Stable Haptic Teleoperation of UAVs via Small $L_2$ Gain and Control Barrier Functions

TL;DR

This paper introduces a stable haptic teleoperation method for UAVs that ensures system stability using a small $L_2$ gain constraint and control barrier functions, improving safety and stability in human-robot interaction.

Contribution

It proposes a novel stability constraint based on $L_2$ gain for haptic feedback in UAV teleoperation, with a closed-form solution for practical implementation.

Findings

The method maintains system stability during UAV teleoperation.

Experimental simulation demonstrates effective obstacle avoidance.

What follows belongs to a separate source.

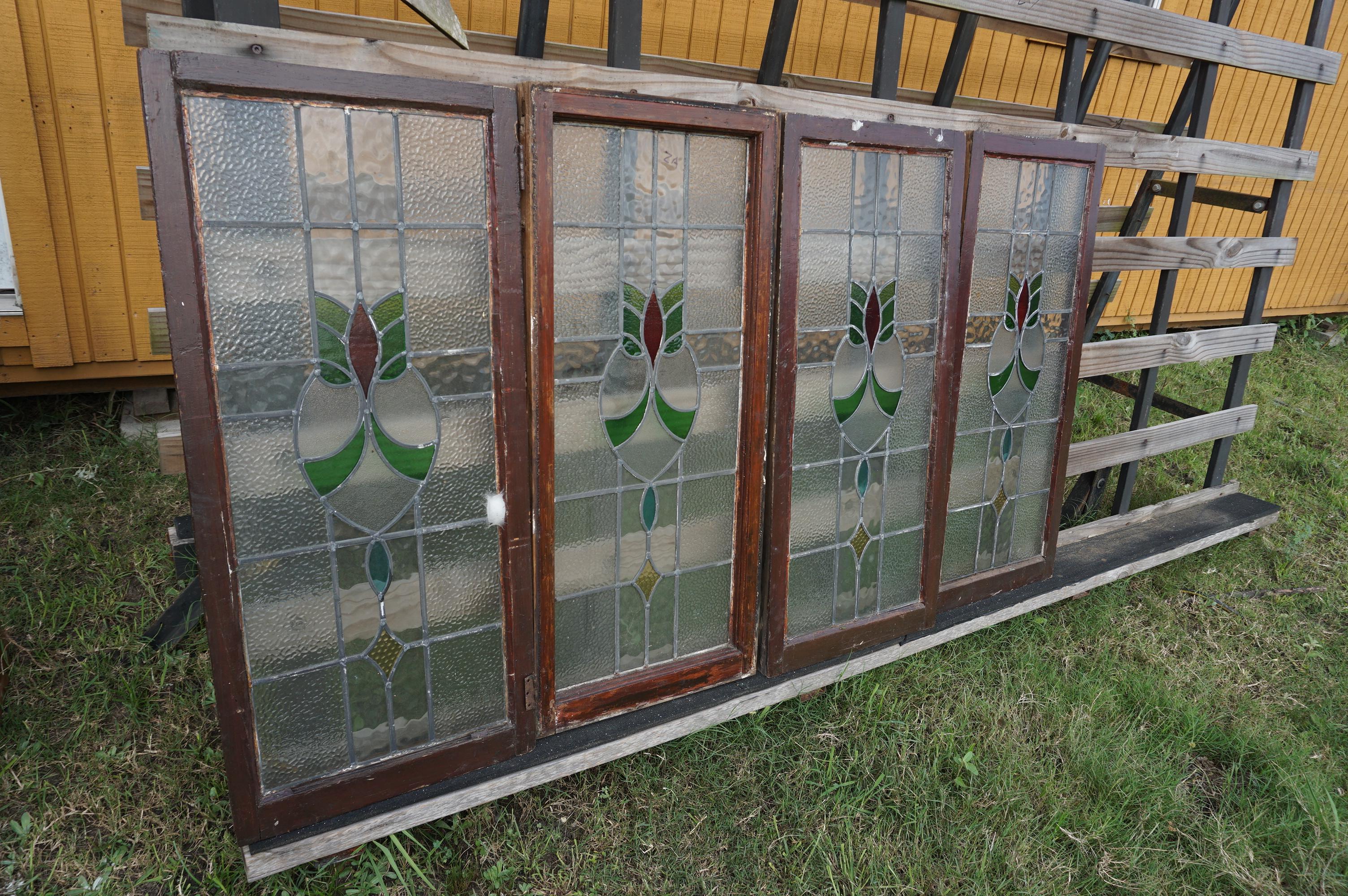 Four (4) X The Money: Leaded Glass Windows, 19th century British, 43"x19". so much each.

The approach improves safety without sacrificing user control.

Abstract

We present a novel haptic teleoperation approach that considers not only the safety but also the stability of a teleoperation system. Specifically, we build upon previous work on haptic shared control, which uses control barrier functions (CBFs) to generate a reference haptic feedback that informs the human operator on the internal state of the system, helping them to safely navigate the robot without taking away their control authority. Crucially, in this approach the force rendered to the user is not directly reflected in the motion of the robot (which is still directly controlled by the user); however, previous work in the area neglected to consider the feedback loop through the user, possibly resulting in unstable closed trajectories. In this paper we introduce a differential constraint on the rendered force that makes the system finite-gain $L_2$ stable; the constraint results in a Quadratically Constrained Quadratic Program (QCQP), for which we provide a closed-form solution. Our constraint is related to but less restrictive than the typical passivity constraint used in previous literature. We conducted an experimental simulation in which a human operator flies a UAV near an obstacle to evaluate the proposed method.